July 23, 2010

More bad news for single parents


Over the long run unmarried fertility is positively associated with murder and property crime.

Wow.

This is the finding in the paper by Todd Kendall and Robert Tamura entitled, "Unmarried Fertility, Crime, and Social Stigma." I'd like to think that it should be more than due to the single parenthood situation, and that it may also have to do with the neighborhood and peers surrounding the child. Kendall and Tamura's theory goes like, "[c]hildren born to unmarried parents may receive lower human capital investments, leading to higher levels of criminal activity as adults. Therefore, unmarried fertility may be positively associated with future crime."

Futhermore, their paper has a particularling interesting application to developing countries (particularly countries with the majority of the population being religious), where single parenthood is not that common and where there is somewhat a social stigma attached to it:

"[I]n an environment in which social stigma attached to nonmarital fertility is high, many low‐match‐quality parents will marry, and children reared in these families may actually be worse off than if their parents had not married."

It does make sense.
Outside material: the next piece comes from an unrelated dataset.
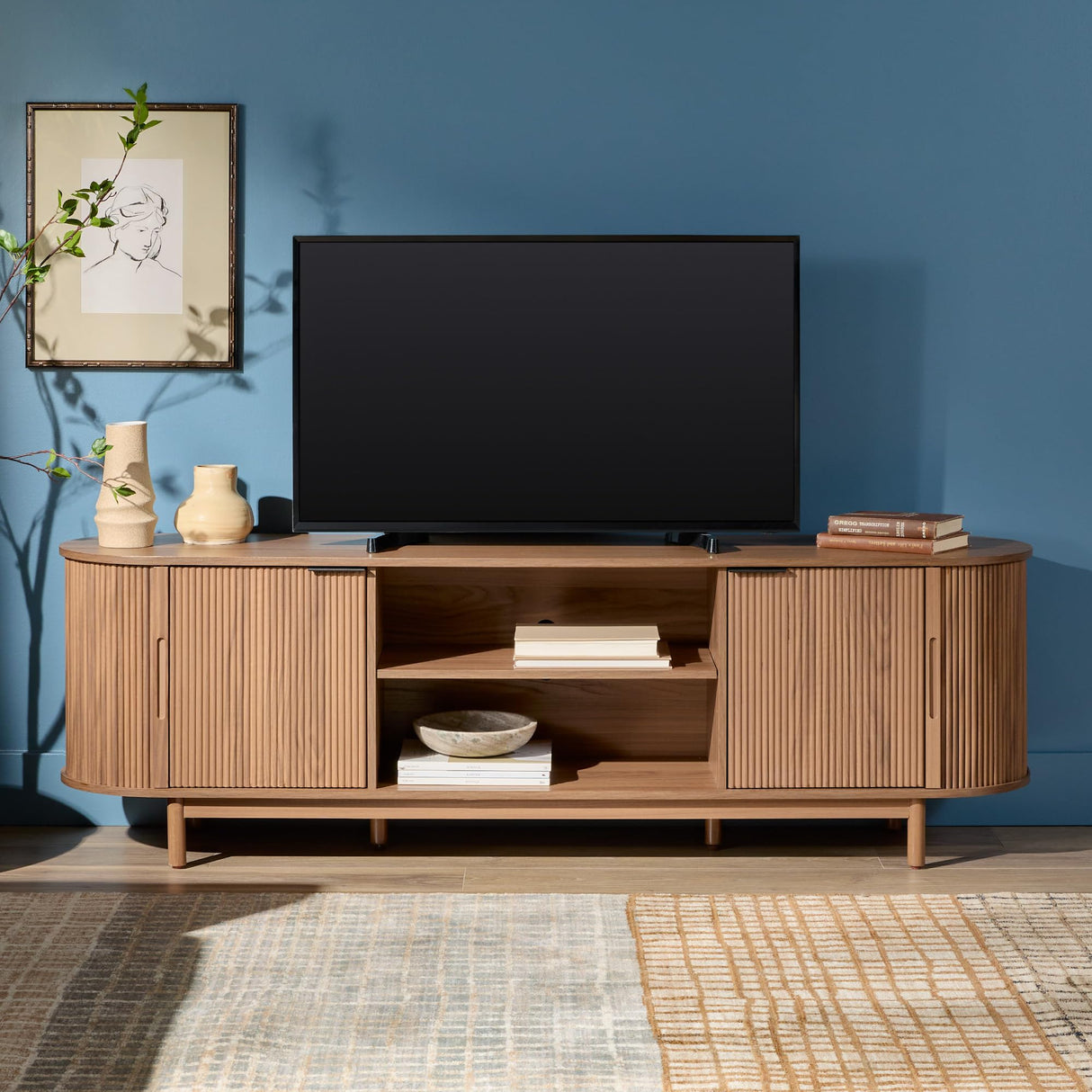 Walker Edison Chloe Curved Reeded TV Stand, Sliding Doors, 75 Inch, 70 inch, Mocha Walker Edison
The pressure from the social stigma may force an unmarried parent to choose a partner in haste, who may turn out to be an imperfect partner. In addition, imagine what it will do to the child. Being brought up in a society where a complete family is everything, when all of a sudden you're introduced to a new father or mother without going through a slow but effective transition introducing the child to the parent. What a shock it would be for the child. Imagine what that will do to a child's core of values.

In an age where women empowerment is a trend--and single parenthood seems okay--this paper is saying that might not actually be the case. On the bright side, though, this is one good promotional material for dating websites.